This Crockpot Creamed Corn is ultra-creamy, buttery, and so easy to make. A simple slow cooker side that’s perfect for holidays, potlucks, or weeknight meals.
Drain the canned corn and add it to a 4-quart slow cooker. Stir in the cream cheese, milk, butter, sugar, salt, and pepper.
Cook low and slow
Cover and cook on LOW for 2–3 hours, stirring every 30 minutes to prevent burning. The butter and cream cheese should be fully melted, and the sauce creamy.
Season and serve
Please feel free to taste and season with additional salt and pepper.
Transfer to a serving dish and garnish with fresh parsley.
Notes
Storage & Reheating
Refrigerate: Store leftovers in an airtight container in the fridge for up to 4 days.

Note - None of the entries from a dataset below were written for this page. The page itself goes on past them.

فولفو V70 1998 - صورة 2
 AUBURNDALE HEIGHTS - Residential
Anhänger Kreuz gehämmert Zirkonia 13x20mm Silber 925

Reheat: Warm gently on the stovetop over medium-low or in the microwave (stirring occasionally). If the sauce has thickened too much, add a splash of milk to restore creaminess.
Freeze: Cool completely, then transfer to an airtight container and freeze for up to 2 months. To thaw, refrigerate overnight, then reheat as above.
Make ahead: You can prep everything and place it in the slow cooker insert (uncovered) in the fridge. When you’re ready to serve, pleaseset it to LOW and follow the cooking time. (Be sure the insert is safe to go from the fridge to the warm heating.)